Problem to work on. Retype the tail of the data exactly, starting at the line containing "this 630×423 image." and stopping at the last line.

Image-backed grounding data

━━━━━━

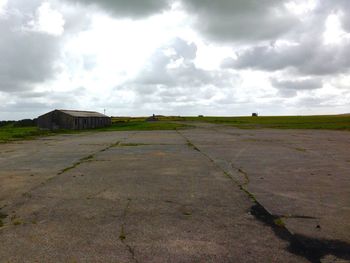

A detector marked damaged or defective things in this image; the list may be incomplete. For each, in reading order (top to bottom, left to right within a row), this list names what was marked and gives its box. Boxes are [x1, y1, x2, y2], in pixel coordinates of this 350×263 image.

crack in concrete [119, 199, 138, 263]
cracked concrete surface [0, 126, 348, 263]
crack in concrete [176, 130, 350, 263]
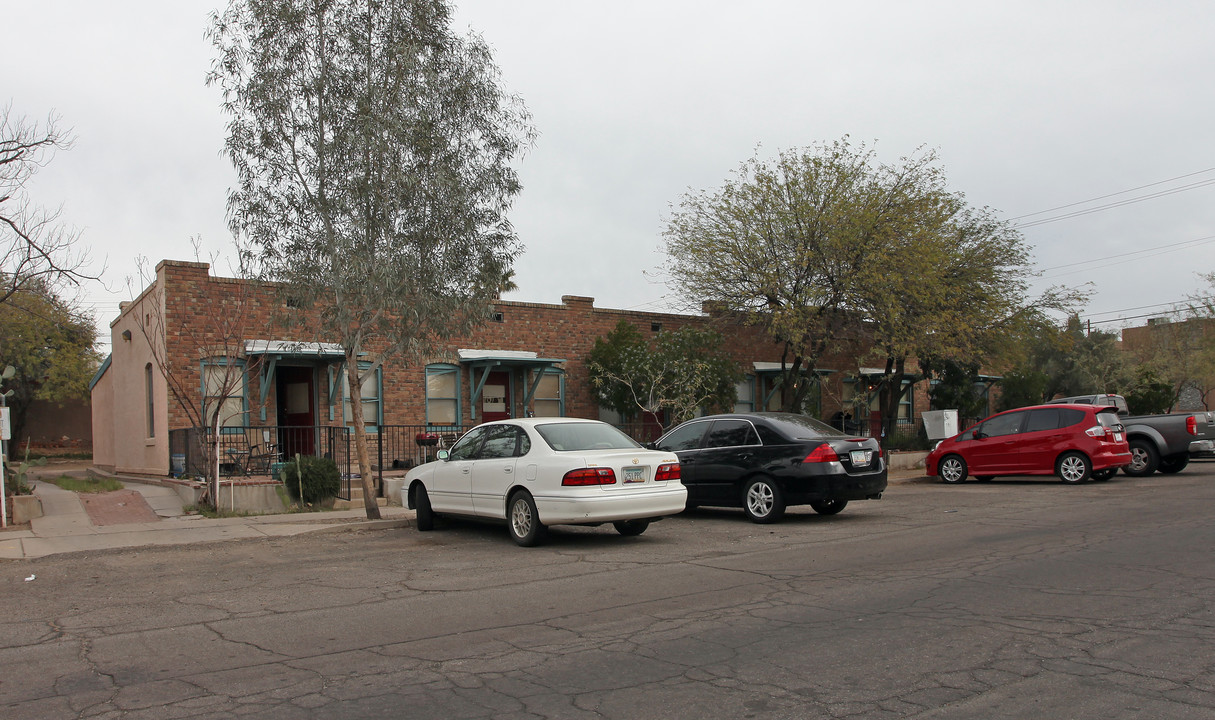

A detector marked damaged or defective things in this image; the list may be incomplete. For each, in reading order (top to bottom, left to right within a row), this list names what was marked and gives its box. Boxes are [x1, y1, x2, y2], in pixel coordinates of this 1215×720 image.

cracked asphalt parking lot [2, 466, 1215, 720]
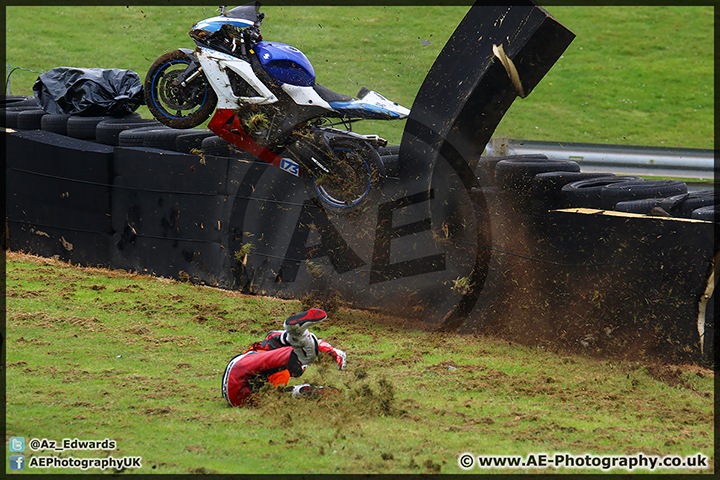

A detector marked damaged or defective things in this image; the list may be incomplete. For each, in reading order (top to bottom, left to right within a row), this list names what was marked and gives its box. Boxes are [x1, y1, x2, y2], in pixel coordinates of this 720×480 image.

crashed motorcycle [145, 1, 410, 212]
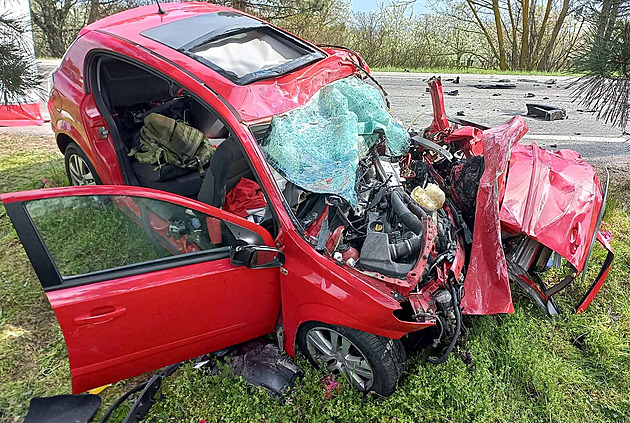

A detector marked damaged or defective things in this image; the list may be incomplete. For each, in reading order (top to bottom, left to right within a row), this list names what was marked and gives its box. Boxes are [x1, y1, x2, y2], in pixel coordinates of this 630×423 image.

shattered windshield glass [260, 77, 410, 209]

━━━━━━

Exercise response.
A detector marked damaged or defective things in this image; the list may be incomplete. For each, in reading order (top to bottom, left to right within a row), this list names what was marked and gives its box. Boxes are [x1, y1, x2, y2], in pixel coordinates of this 630×423 image.

shattered windshield glass [260, 77, 410, 209]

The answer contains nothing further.